------ RECORDS FOR PROCESSING ------

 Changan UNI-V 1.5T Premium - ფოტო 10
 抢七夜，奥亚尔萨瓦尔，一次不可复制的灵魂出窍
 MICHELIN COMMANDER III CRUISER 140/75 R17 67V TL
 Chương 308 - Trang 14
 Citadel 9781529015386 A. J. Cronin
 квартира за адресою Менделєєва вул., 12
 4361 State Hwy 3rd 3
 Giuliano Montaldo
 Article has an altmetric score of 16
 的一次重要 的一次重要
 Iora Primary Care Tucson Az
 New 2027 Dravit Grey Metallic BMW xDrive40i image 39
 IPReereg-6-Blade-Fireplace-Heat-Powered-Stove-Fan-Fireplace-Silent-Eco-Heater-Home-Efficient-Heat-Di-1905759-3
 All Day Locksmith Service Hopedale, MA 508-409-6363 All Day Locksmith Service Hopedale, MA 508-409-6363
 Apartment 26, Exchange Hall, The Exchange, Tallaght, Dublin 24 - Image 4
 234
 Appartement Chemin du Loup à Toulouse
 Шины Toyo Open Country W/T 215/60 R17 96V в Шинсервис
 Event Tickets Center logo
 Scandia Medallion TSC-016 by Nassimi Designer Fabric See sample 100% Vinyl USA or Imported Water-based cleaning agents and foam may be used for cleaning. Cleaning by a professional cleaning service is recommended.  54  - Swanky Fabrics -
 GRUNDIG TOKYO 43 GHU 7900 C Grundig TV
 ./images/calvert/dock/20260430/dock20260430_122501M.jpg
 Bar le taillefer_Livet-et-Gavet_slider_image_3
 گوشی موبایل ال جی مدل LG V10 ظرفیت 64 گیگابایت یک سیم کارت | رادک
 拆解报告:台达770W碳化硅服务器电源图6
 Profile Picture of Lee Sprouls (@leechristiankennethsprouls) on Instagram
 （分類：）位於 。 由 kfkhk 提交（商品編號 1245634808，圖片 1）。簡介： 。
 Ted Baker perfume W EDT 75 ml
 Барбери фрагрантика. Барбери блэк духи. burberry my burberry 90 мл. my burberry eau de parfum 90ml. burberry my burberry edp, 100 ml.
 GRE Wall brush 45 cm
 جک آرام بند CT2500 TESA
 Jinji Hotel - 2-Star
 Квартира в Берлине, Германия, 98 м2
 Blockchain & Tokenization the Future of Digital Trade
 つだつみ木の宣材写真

------

Please return all of the entries above, exactly and completely.

TASK OUTPUT.
 Changan UNI-V 1.5T Premium - ფოტო 10
 抢七夜，奥亚尔萨瓦尔，一次不可复制的灵魂出窍
 MICHELIN COMMANDER III CRUISER 140/75 R17 67V TL
 Chương 308 - Trang 14
 Citadel 9781529015386 A. J. Cronin
 квартира за адресою Менделєєва вул., 12
 4361 State Hwy 3rd 3
 Giuliano Montaldo
 Article has an altmetric score of 16
 的一次重要 的一次重要
 Iora Primary Care Tucson Az
 New 2027 Dravit Grey Metallic BMW xDrive40i image 39
 IPReereg-6-Blade-Fireplace-Heat-Powered-Stove-Fan-Fireplace-Silent-Eco-Heater-Home-Efficient-Heat-Di-1905759-3
 All Day Locksmith Service Hopedale, MA 508-409-6363 All Day Locksmith Service Hopedale, MA 508-409-6363
 Apartment 26, Exchange Hall, The Exchange, Tallaght, Dublin 24 - Image 4
 234
 Appartement Chemin du Loup à Toulouse
 Шины Toyo Open Country W/T 215/60 R17 96V в Шинсервис
 Event Tickets Center logo
 Scandia Medallion TSC-016 by Nassimi Designer Fabric See sample 100% Vinyl USA or Imported Water-based cleaning agents and foam may be used for cleaning. Cleaning by a professional cleaning service is recommended.  54  - Swanky Fabrics -
 GRUNDIG TOKYO 43 GHU 7900 C Grundig TV
 ./images/calvert/dock/20260430/dock20260430_122501M.jpg
 Bar le taillefer_Livet-et-Gavet_slider_image_3
 گوشی موبایل ال جی مدل LG V10 ظرفیت 64 گیگابایت یک سیم کارت | رادک
 拆解报告:台达770W碳化硅服务器电源图6
 Profile Picture of Lee Sprouls (@leechristiankennethsprouls) on Instagram
 （分類：）位於 。 由 kfkhk 提交（商品編號 1245634808，圖片 1）。簡介： 。
 Ted Baker perfume W EDT 75 ml
 Барбери фрагрантика. Барбери блэк духи. burberry my burberry 90 мл. my burberry eau de parfum 90ml. burberry my burberry edp, 100 ml.
 GRE Wall brush 45 cm
 جک آرام بند CT2500 TESA
 Jinji Hotel - 2-Star
 Квартира в Берлине, Германия, 98 м2
 Blockchain & Tokenization the Future of Digital Trade
 つだつみ木の宣材写真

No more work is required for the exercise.